When we were going to Greensboro, we went through Demopolis. This sign was close to downtown – Demopolis used to be known as the ‘Vine and Olive Colony’ because it was founded in 1817 by a group of French expatriates whose plan was to grow grapes and olives here.
I think this is the old firestation, now called ‘Rooster Hall’ and it’s where they can hold town meetings, etc.
One of the most famous things about Demopolis is that when the first highway to cross the country (from San Diego to Savannah) was being built, the people there in 1919 held a fundraiser to “Bridge the ‘Bigbee with Cocks” – that’s the Tombigbee River – because cars were still being ferried across.
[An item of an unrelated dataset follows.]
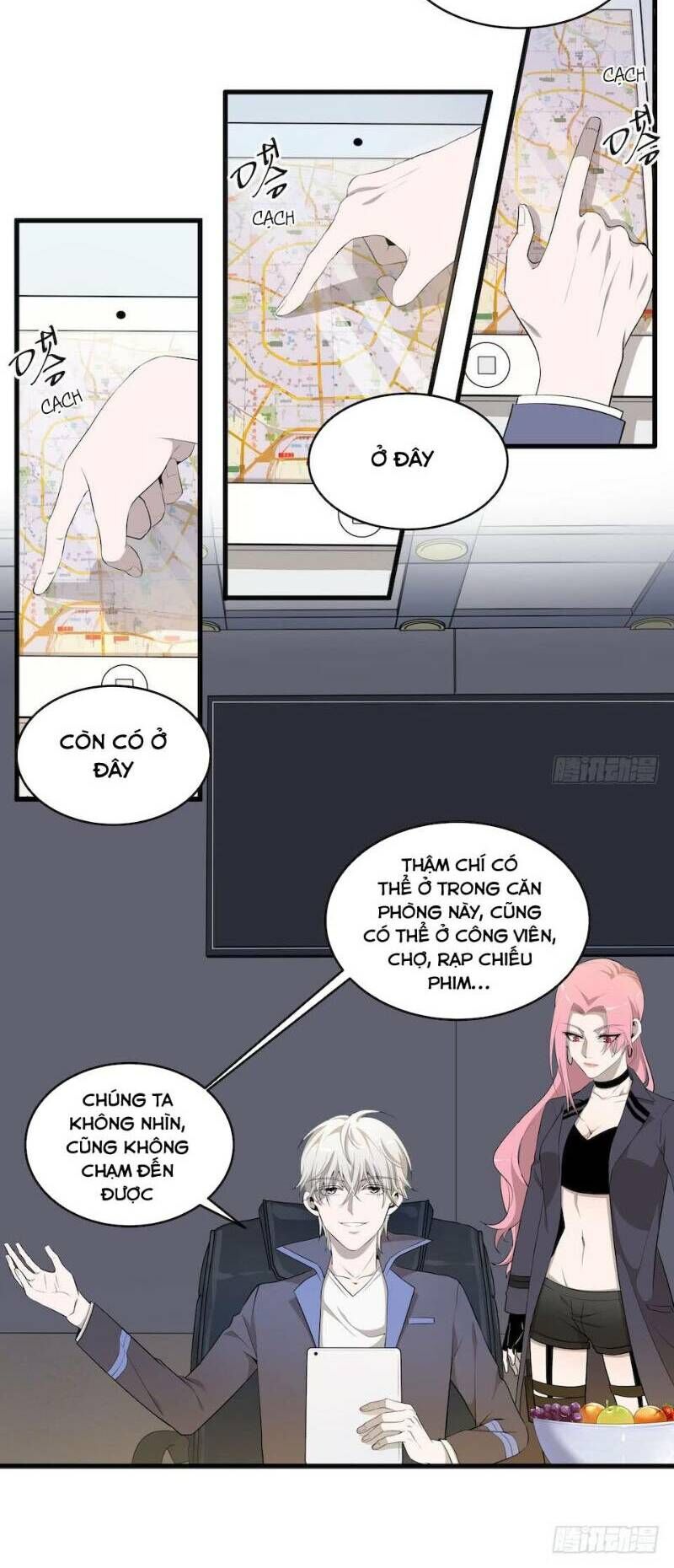 Thát Không Mê Thất Chapter 13 - Trang 2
And the last part of that is all because they did it by selling roosters. Financing the construction of a bridge by selling roosters might seem like setting up a lemonade stand to build an airport, but guess what?
As the result of a sale of some 5,000 roosters on August 15, a bridge is to be built across the Tombigbee river at Demopolis, Alabama. Thus another obstacle on the Dixie Overland highway is to be removed. The bridge is to cost about $175,000. The rooster sale netted about $250,000 (approximately $50 each). The additional funds will be utilized to improve the road and the approaches to the bridge in Marengo and Sumter counties. The work will be carried on under the direction of the State Highway Department of Alabama.
Four of these birds were donated by President Wilson, Lloyd George of England, and Premiers Clemenceau of France and Orlando of Italy. The idea of the rooster sale came from F. L. Derby, a stockman of Alabama. He was the originator of the bull sale last year at the same place which netted the Red Cross $208,000.
…and this house that I’m showing because….
…the owner has messages in her front yard and you know how I am about that.
So not only is there a public health advisory, but a tribute to Michael Jackson:
And then there’s Gaineswood:
One of America’s finest Greek Revival houses, Gaineswood is a masterpiece. Exceptional interior spaces have domed ceilings, elaborate plasterwork, and a facing pair of gilt mirrors that endlessly reflect each other. Designed by owner and amateur architect General Nathan Bryan Whitfield, Gaineswood was constructed during 1843-1861. Some of the elaborate work was executed by African American slaves. The house museum contains many original Whitfield family furnishings and objects. The grounds feature a gazebo, a slave house, and a small building that was most likely a detached kitchen.
They do tours in certain days each hour, but we decided not to do it this time.